_Work request:_
All records are to be reproduced verbatim, with images omitted.
### Input data
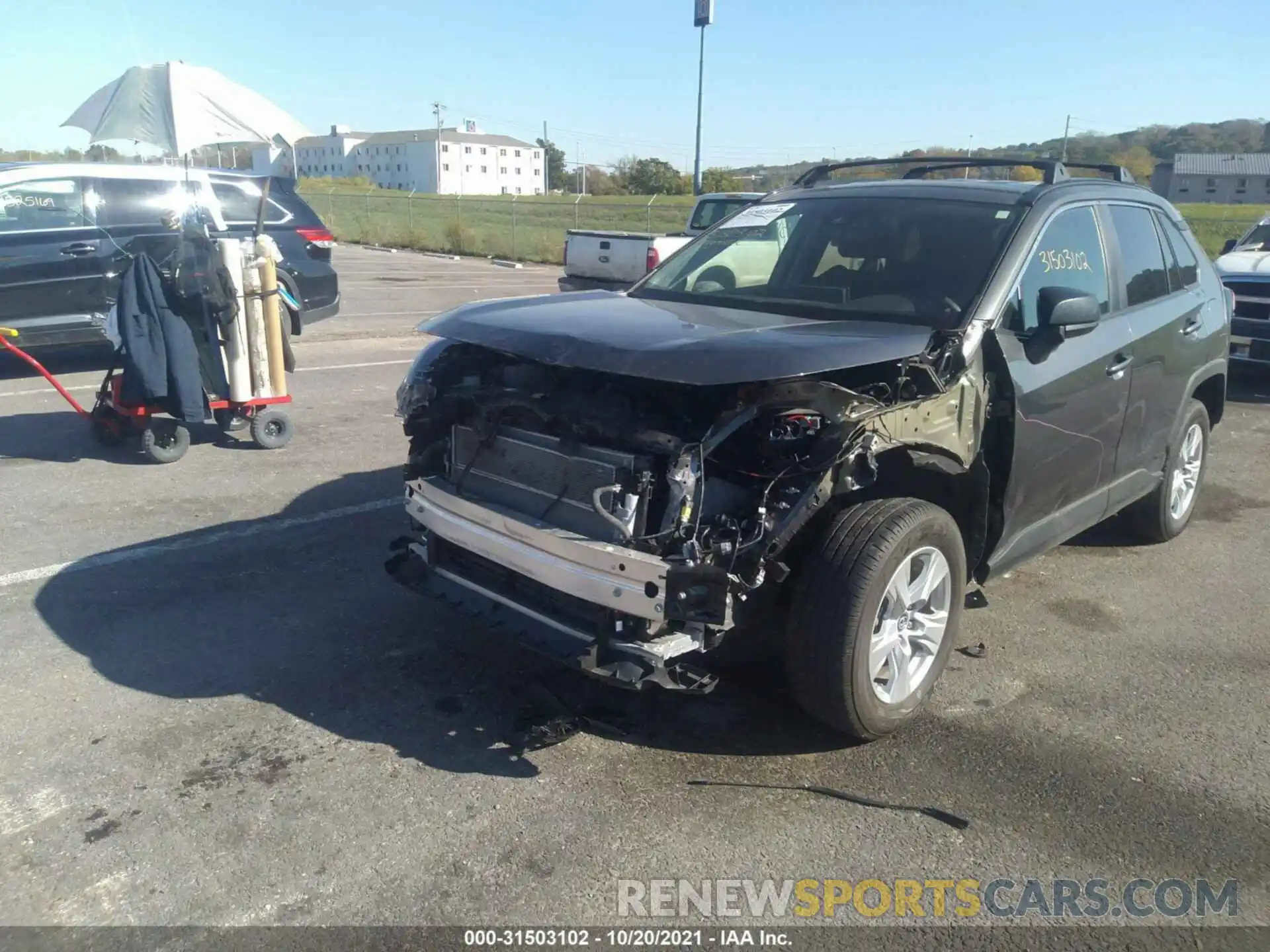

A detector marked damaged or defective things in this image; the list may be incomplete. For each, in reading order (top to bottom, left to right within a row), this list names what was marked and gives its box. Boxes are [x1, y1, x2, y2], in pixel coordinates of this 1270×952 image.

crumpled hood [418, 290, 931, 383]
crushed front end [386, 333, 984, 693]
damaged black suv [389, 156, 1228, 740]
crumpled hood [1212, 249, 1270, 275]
######
_Output:_
A detector marked damaged or defective things in this image; the list may be incomplete. For each, in reading order (top to bottom, left to right within a row), this list names what was marked and gives its box. Boxes are [x1, y1, x2, y2], in pixel coordinates of this 1270×952 image.

crumpled hood [418, 290, 931, 383]
crushed front end [386, 333, 984, 693]
damaged black suv [389, 156, 1228, 740]
crumpled hood [1212, 249, 1270, 275]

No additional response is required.